Below are two somewhat similar algorithms to which I initially pass in a root Node-- the first one works but the second one doesn't.

First

public void insert(int element) {
    Node temp = new Node(element);

    if(root == null) {
        root = temp;
        root.parent = null;
        size++;
    } else {
        insert(root, temp); 
        size++;
    }
}

private void insert(Node current, Node temp) {
    if(temp.element < current.element) {
        if(current.leftChild == null) {
            current.leftChild = temp;
        } else {
            insert(current.leftChild, temp);
        }
    } 
    else if(temp.element >= current.element) {
        if(current.rightChild == null) {
            current.rightChild = temp;
        } else {
            insert(current.rightChild, temp);
        }
    }
}

Ouput:

Second (doesn't work)

public void insert(int data) {
    Node temp = new Node(data);

    if(root == null) {
        root = temp;
        size++;
    } else {
        insert(root, temp);
        size++;
    }
}

private void insert(Node current, Node temp) {
    if(current == null)
        current = temp;
    else if(temp.element < current.element)
        insert(current.leftChild, temp);
    else if(temp.element >= current.element)
        insert(current.rightChild, temp);
}

Output:

I wrote the first one myself and got the second one from Wikipedia. Why does the first one work but not the second one?

Answer 1

let's look at what references are. (Java-references, not to be confused with C++-references)

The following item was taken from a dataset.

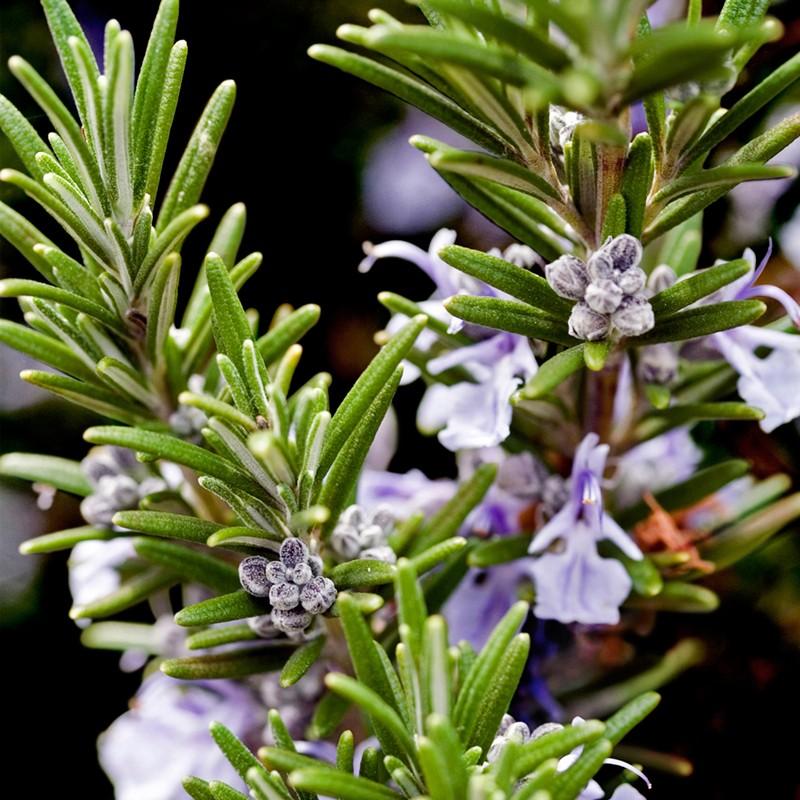 Yodeyma Capri Perfumed Water Unisex 100ml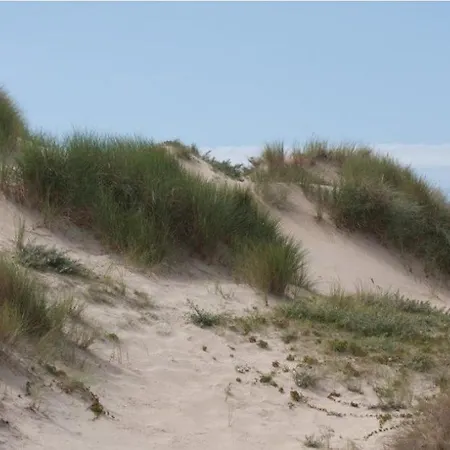 Vt Wonen Stijl Vakantiebungalow Nabij Zee, Strand, Bos En Duinen Voor 6 Personen *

Let's assume we have some memory with addresses, in this case the data is some String Object

[ address ][ data ]
[       0 ][  abc ]
[       1 ][   de ]
[       2 ][    y ]
[       3 ][  foo ]
[       4 ][ baar ]

If we have a reference, than this reference is only an address, not the data itself!

int i = 15; // this is a primitive type, the variable i holds the data directly
            // 15 in this case

Number x = new StringObject(foo); // this is a reference, the reference only 
                                  // contains the address.
                                  // so x is actually '3'

Now, what happens if we call a method? Every value passed to a method will be copied.

void call(int x) {
    x = 4;
}

int i = 15;
call(i);
System.out.println(i);

The output of this will be 15. because, the value of i gets copied to the call method. And the method only changes the copy, but not the original i.

The same goes for references:

void call(StringObject x) {
    x = new StringObject("baz"); // this creates a new address in x!
}

StringObject i = new StringObject("foo"); // remember, i is only an address!
                                          // the address is '3'
                                          // the actual value can be looked up
                                          // in our memory table above
                                          // '3' -> 'foo'

call(i);
System.out.println(i);

The output here will be foo. As with the primitives, i will be copied. But don't worry, only the address will be copied. The result is, that the call method works on a copy of i which is 3. But the value of the original i is not changed.

So, what is the connection to your problem? See this method:

private void insert(Node current, Node temp) {
    if(current == null)
        current = temp;
    else if(temp.element < current.element)
        insert(current.leftChild, temp);
    else if(temp.element >= current.element)
        insert(current.rightChild, temp);
}

Clearly as you can see, your code operates on the copy of the current reference! You are changing a copy which will be discarded after the method. Basically the solution to your problem with the second code is to use the first code snippet. You could work with some wrapper object, like C++-references, but this get's complicated and will be error prone.

Answer 2

It does not work because you do not connect the element 'temp' in the tree. Suppose you reached the point where you have to add temp in the tree. Suppose at some stage you have current and

current.leftchild=null and you have to add temp here.What is done in second method is you got to current.leftchild and assign temp to it , but you have not actually pointed the left pointer to temp.Thus temp will be inaccessible and no tree is formed. That is you have to keep return type Node to solve the problem.